International career
- Years: Team / Apps / (Points)
- 2010: Barbarians / 2 / (0)

National sevens team
- Years: Team /  / Comps
- 2001-2004: Australia /  / WS

= Paul Warwick (rugby union) =

Australian rugby union player

Paul Warwick (born 8 January 1981 in Australia) is a former Australian rugby union player. He played at fly-half, fullback or centre.

==Connacht==
Warwick joined Irish province Connacht from Manly in 2004 on a one-year contract. A 97-point return in the 2004–05 European Challenge Cup saw Warwick awarded with a two-year extension on his contract. In a total of 19 appearances in the Challenge Cup, he scored 157 points.

==Munster==
Warwick joined Munster in 2007, straight from Connacht. He scored 21-point on his full debut for Munster against Llanelli Scarlets on 22 September 2007. He was on the bench for Munster for the 2008 Heineken Cup Final against Toulouse, but did not come on. In April 2009, Warwick scored two monster drop-goals and a try in Munster's 2008–09 Heineken Cup quarter-final against Ospreys, a game in which he won the Man-of-the-Match award. On 27 January 2009, he reportedly signed a three-year deal with Aviva Premiership club London Irish, starting at the start of the 2009–10 Guinness Premiership season.
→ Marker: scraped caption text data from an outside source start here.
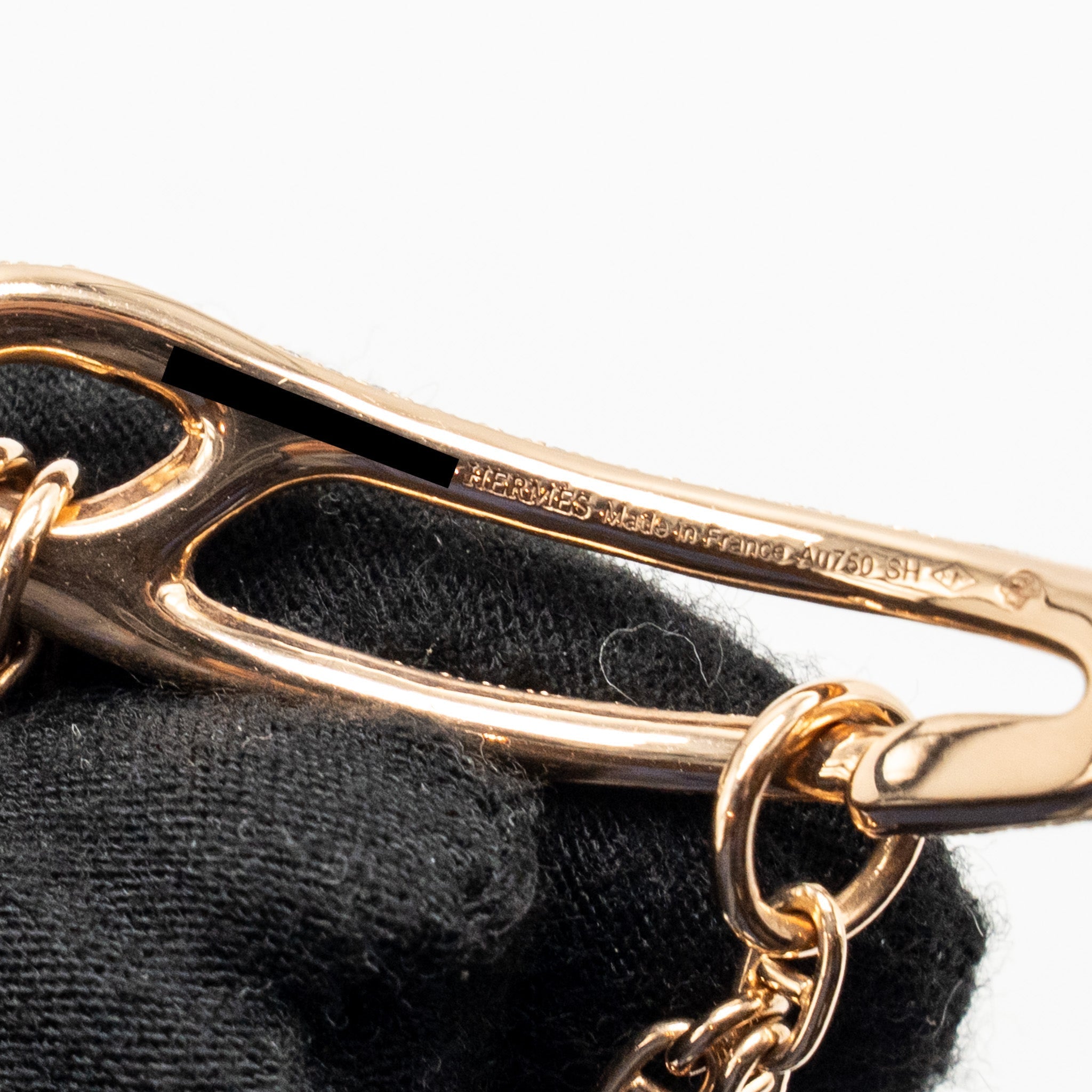 HERMES CHAINE D’ANCRE PUNK BRACELET RODE GOLD/DIAMONDS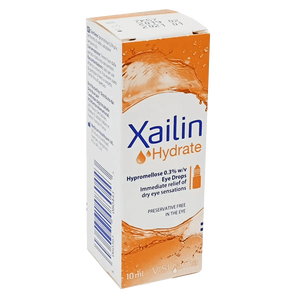 Xailin Hydrate Preservative Free Eye Drops 10ml - welzo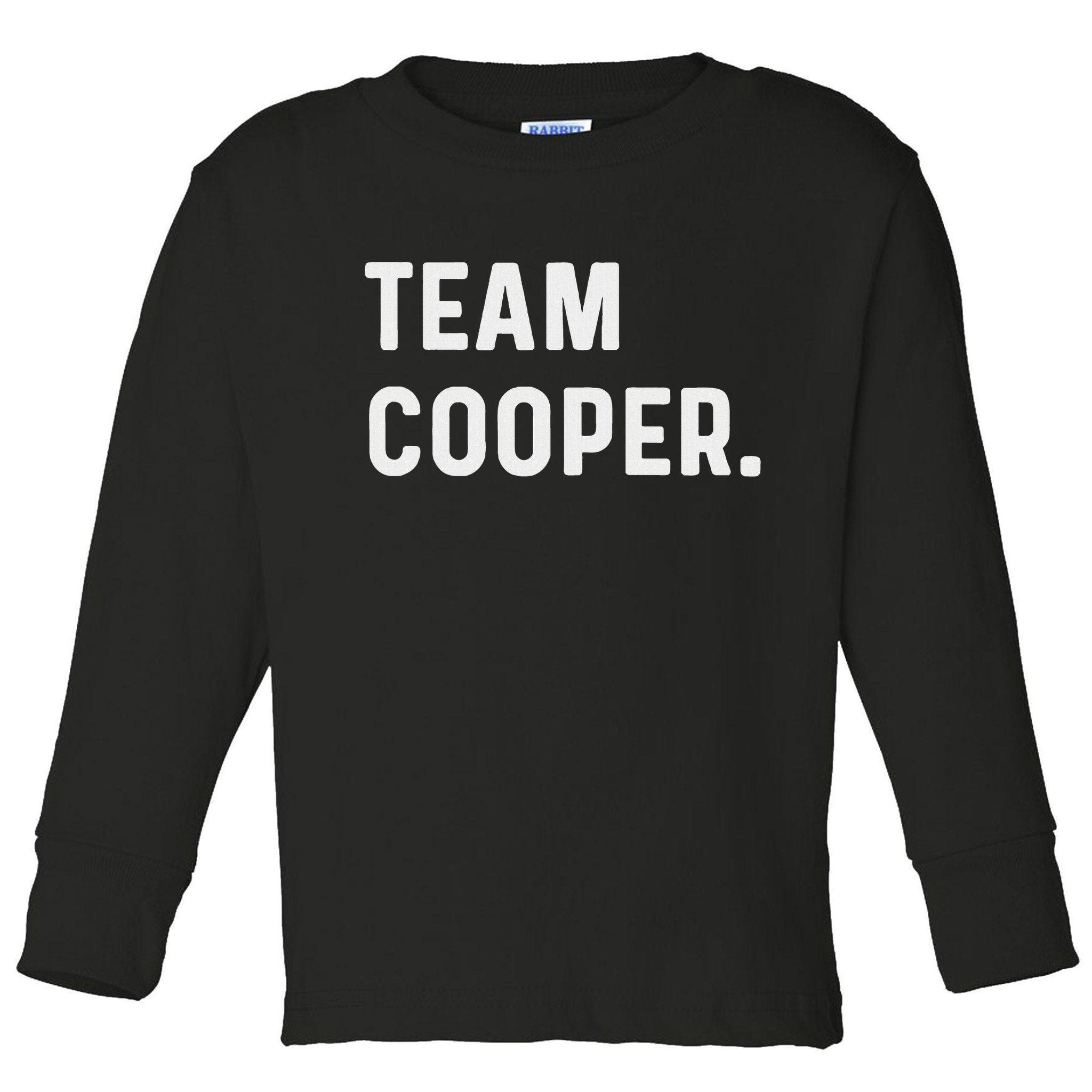 Support Your Favorite Team By Mj Unisex Kids Black Cotton 60 Polyester 40 Toddler Long Sleeve Shirt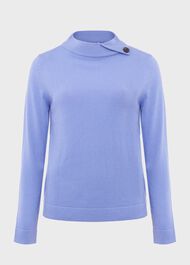 Talia Wool Cashmere Sweater, Deep Sky Blue, hi-res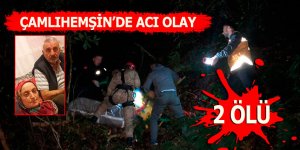 Çamlıhemşin'de acı olay: 2 ölü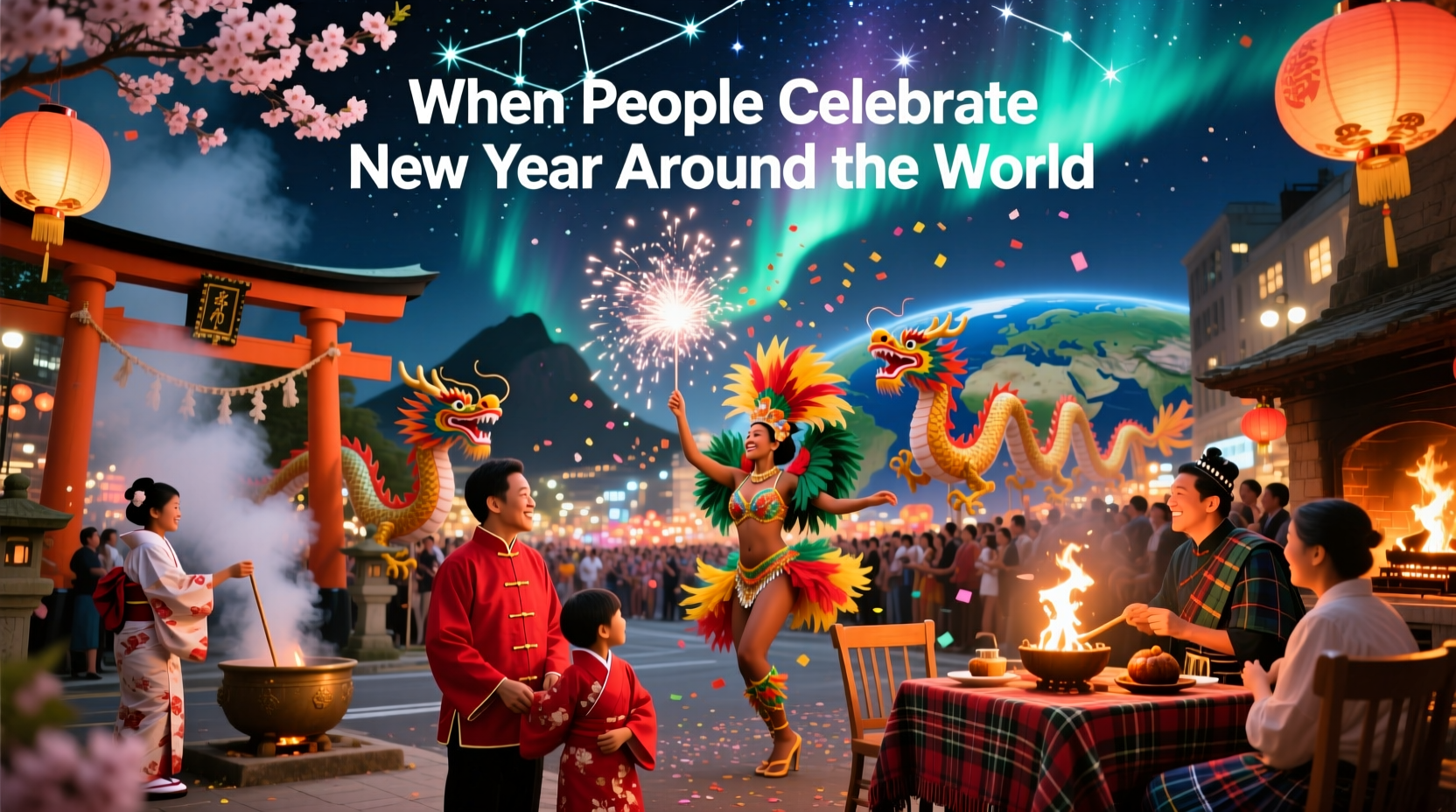 when people celebrate new year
However, there was speculation as to whether he would be joining London Irish or remaining with Munster for the start of the next season, and a Tug-of-War started between the two sides looking to secure his services. On 9 April 2009, Munster and London Irish announced that the issue over Warwick has been resolved to the satisfaction of all parties and that Warwick would be remaining with Munster for 2010–11. He was part of the Munster team that won the 2008–09 Magners League. Warwick scored all of Munster's points during their historic 15–6 win over Australia in November 2010, kicking 3 penalties and 2 drop goals. On 20 December 2010, Munster confirmed that Warwick would leave at the end of the 2010–11 season. He attracted the interest of several European clubs, who offered terms that Munster could not match. Warwick's last appearance for Munster was when he came off the bench during the 2011 Celtic League Grand Final. Munster won the match, against newly crowned Heineken Cup champions and fierce rivals Leinster, 19–9 in Thomond Park.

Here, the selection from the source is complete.